* **WHAT YOU WILL DO**: Take the line that contains "Újabb részletek derültek" and each line after it to the end of the material below, and return them exactly, minus the pictures.

* **COLLECTED DATA**:
_____

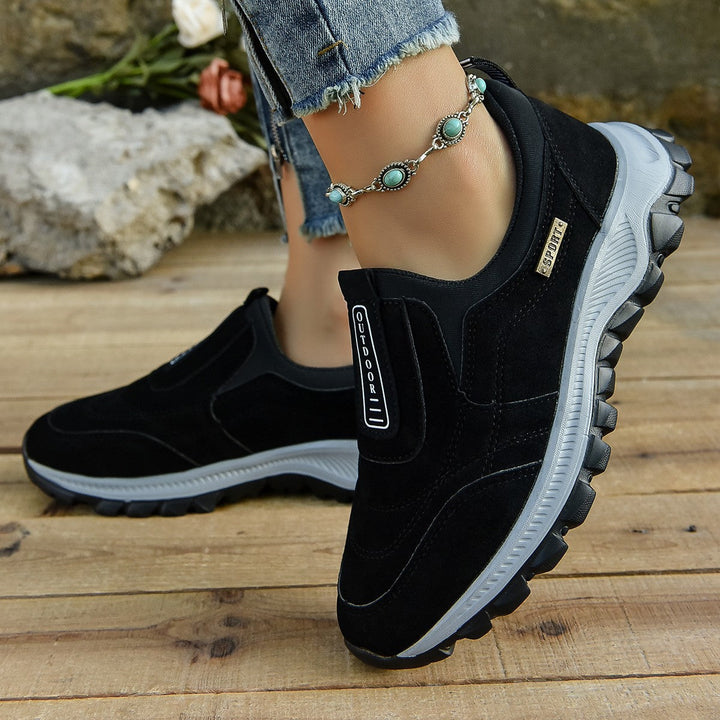Damen Slip-On Sneakers mit elastischer Einfassung und rutschfester Profilsohle Drune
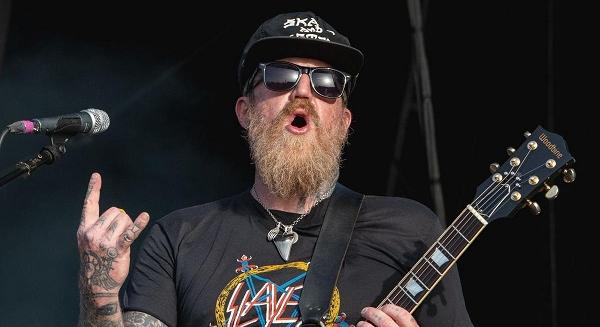 Újabb részletek derültek ki Brent Hinds haláláról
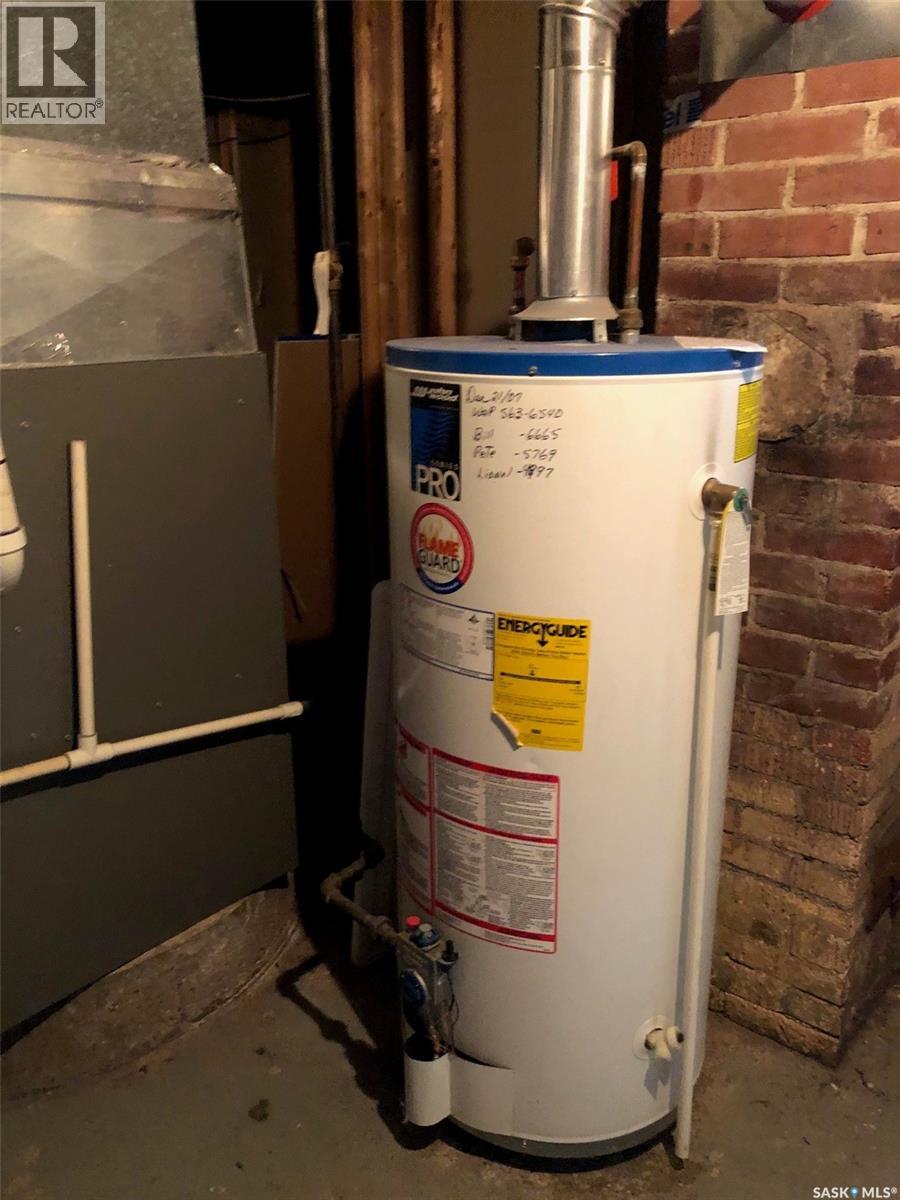 220 Eighth Avenue E, Canora, Saskatchewan  S0A 0L0 - Photo 50 - SK034385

_____

* **RESPONSE TO THIS TASK**:
 Újabb részletek derültek ki Brent Hinds haláláról
 220 Eighth Avenue E, Canora, Saskatchewan  S0A 0L0 - Photo 50 - SK034385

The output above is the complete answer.